Science as Labor

Sessão de 27 Novembro 2008, Júlia Gaspar.

LEFÈVRE, Wolfgang,
"Science as Labor",
Perspectives on Science, vol. 13, no. 2, 2005, p. 194-225


O termo tecnociência é usado com dois sentidos, um mais alargado outro mais restrito. O primeiro refere-se ao emaranhado intricado da produção científica e económica que se desenvolveu a partir do século dezanove e caracteriza hoje o processo social da produção no Ocidente. A produção da alta tecnologia moderna não se baseia só na ciência mas assenta na ciência que se tornou possível graças ao desenvolvimento destes processos científicos avançados, ou seja, é por seu lado suportada pela produção de base científica.
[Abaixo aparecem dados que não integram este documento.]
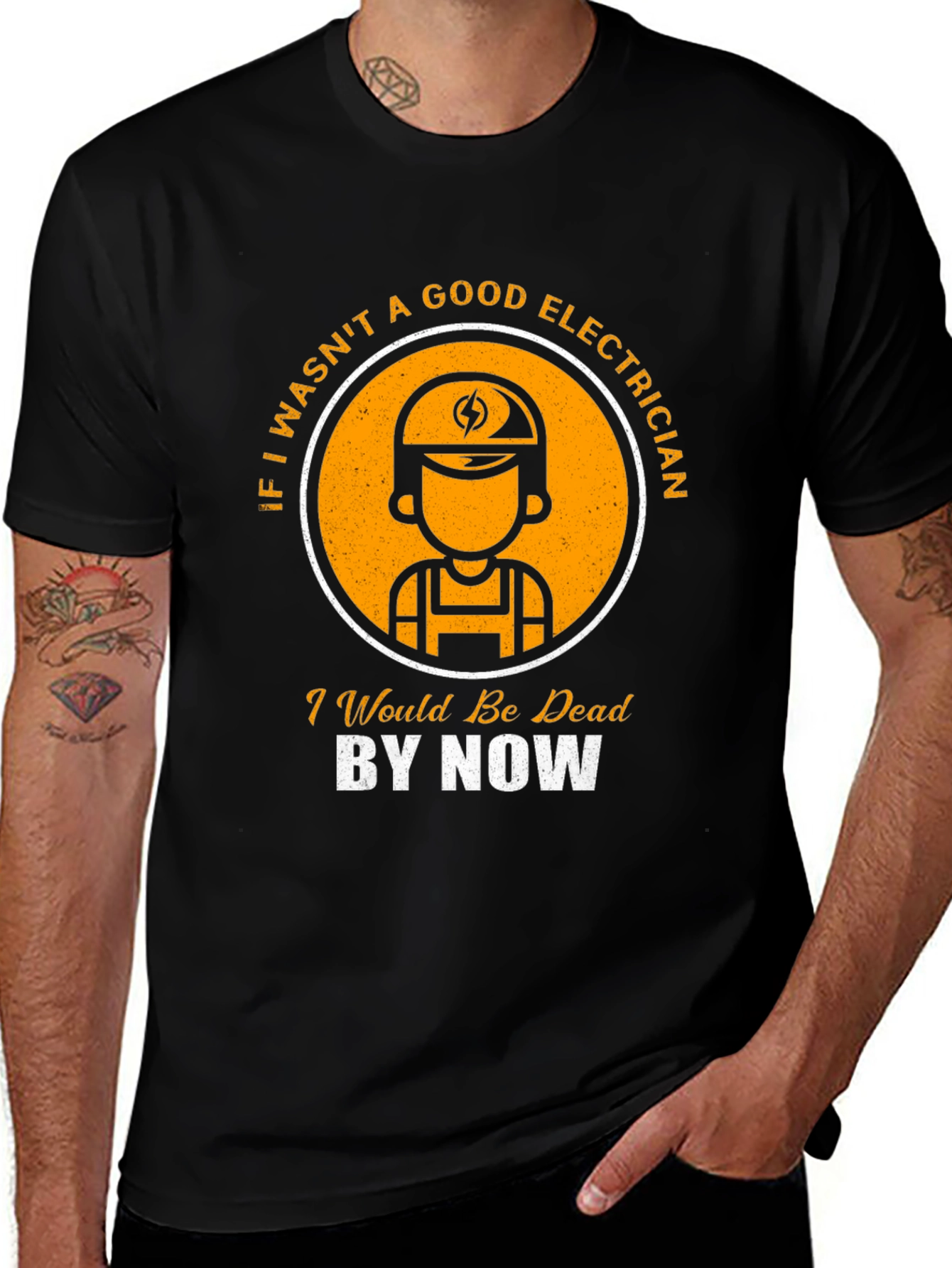 Electrician T-Shirt: Good Electrician Dead By Now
No sentido restrito tecnociência designa ciências que são um verdadeiro híbrido representado pelos processos de produção científicos e normais. Ao mesmo tempo que incluem os processos tecnológicos inerentes à respectiva ciência experimental produzem literalmente os objectos que estudam. São exemplos a química moderna e campos da física como a física das partículas.

O texto procura resposta para duas interrogações. O carácter tecnocientífico da ciência é óbvio no caso das ciências que produzem materialmente os objectos que investigam, mas poderá este carácter estender-se, de forma generalizada a toda a ciência?

Será possível detectarmos novos traços da sua prática, das suas pré-condições, das suas dinâmicas e talvez até da sua dimensão cognitiva, se olharmos para a ciência em geral à luz da nossa experiência actual de penetração mútua de ciência, tecnologia e produção normal?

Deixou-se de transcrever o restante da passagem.